1. A model for seasonal style conversion of an image named MSGAN comprises a generator G, a generator F, a first true and false discriminator D_GA second true-false discriminator D_FAnd season discriminator D_S；

2. The model of seasonal style conversion of an image named MSGAN as claimed in claim 1 wherein the loss function of the generator G when trained is:

wherein X and Y represent trainingPicture of time input model, L_cGAN(G,D_GX, Y) denotes a generator G and a first discriminator D_GOf the opposing loss function, L_cyc(G) A circular consistency loss function, L, representing the generator G_colorRepresenting the hue loss function, L_ssimRepresenting a similarity loss function, L_style(G,D_S) Representing seasonal style loss functions, wherein α, β, gamma and delta are proportional weights of network loss values, and each loss function is as follows:

wherein the content of the first and second substances,

3. The model of seasonal style conversion of an image named MSGAN as claimed in claim 1 wherein the loss function of the generator F in training is:

L(F,D_F)＝L_cGAN(F,D_F,X,Y)+αL_cyc(F)+βL_color+γL_ssim；

4. The model of seasonal style conversion of images named MSGAN as claimed in claim 1, wherein the saliency information of the images is used as a reference to guide the optimization of the network, and specifically the saliency information of the network is used to set the scale weight of the loss value of the network in order to improve the visual effect of the network output images.

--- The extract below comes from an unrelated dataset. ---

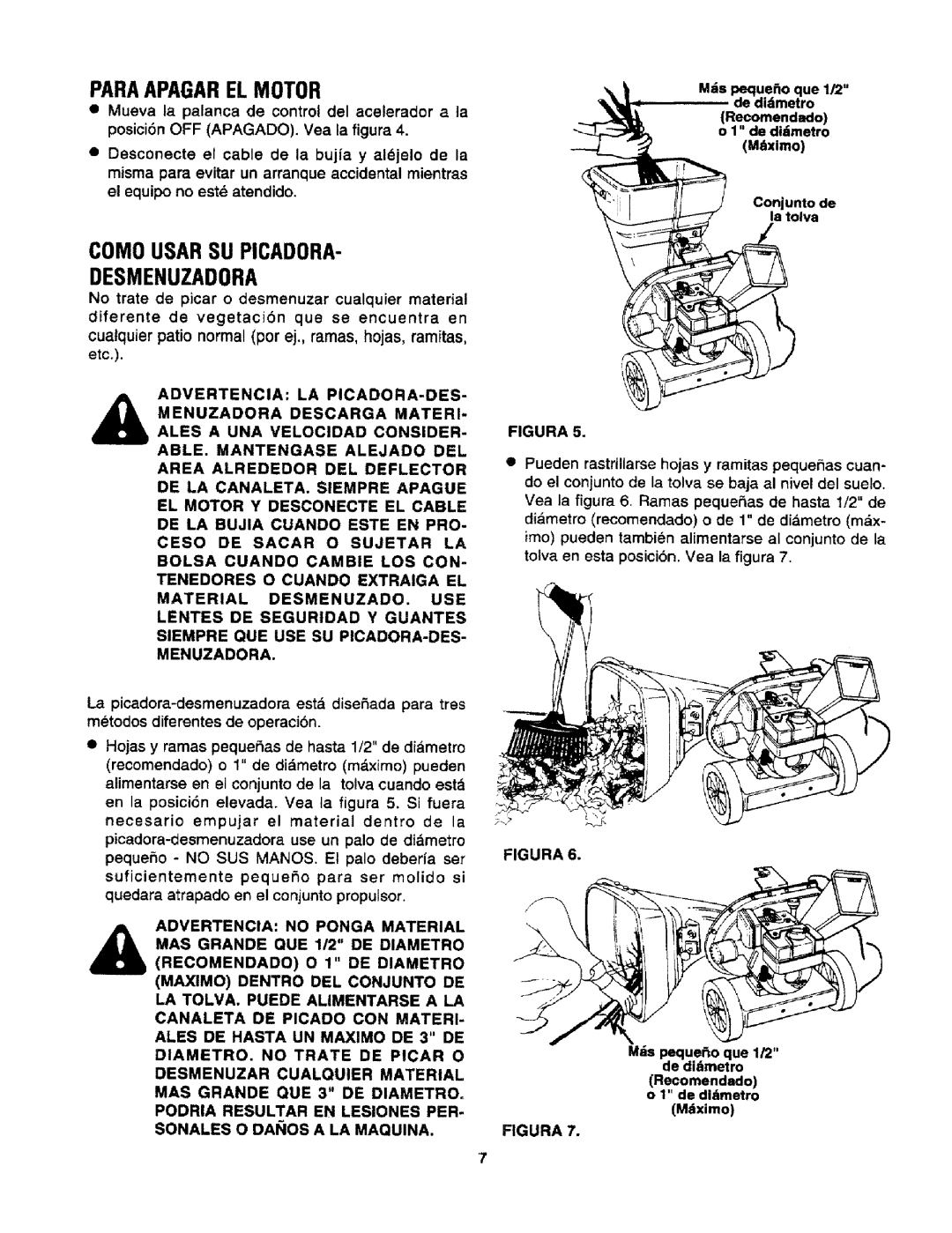 Craftsman 247.795940 manual Paraapagarel Motor, Como Usar SU Picadora Desmenuzadora, Sonales O Daiios a LA Maquina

5. The model of seasonal style conversion of images named MSGAN as claimed in claim 4, wherein the setting of the scaling weight of the network loss value with the network saliency information comprises the following steps:

6. The model of seasonal style conversion of an image named MSGAN as claimed in claim 1 wherein the structure of generator G and generator F is a symmetric convolutional neural network with 7 layers of residual blocks, in order from input to input: an automatic coding structure, a residual block structure and a self-decoding structure.

7. The model of seasonal style conversion of images named MSGAN as claimed in claim 1, wherein the structure of the seasonal discriminator Ds is a classical AlexNet network structure.

8. The model of seasonal style conversion of an image named MSGAN as claimed in claim 1 wherein the input image is converted to a gray scale map without seasonal features before the picture is input to the generator G.

9. An image seasonal style conversion method based on the seasonal style conversion model of the image named MSGAN of any one of claims 1 to 8, comprising the steps of:

step S1: constructing the MSGAN model and training the MSGAN model;

10. The method of image seasonal style conversion based on a seasonal style conversion model of an image named MSGAN according to claim 9, wherein: in step S3, the preprocessing specifically includes: and carrying out gray level processing on the picture to be converted so that the picture does not have seasonal characteristics.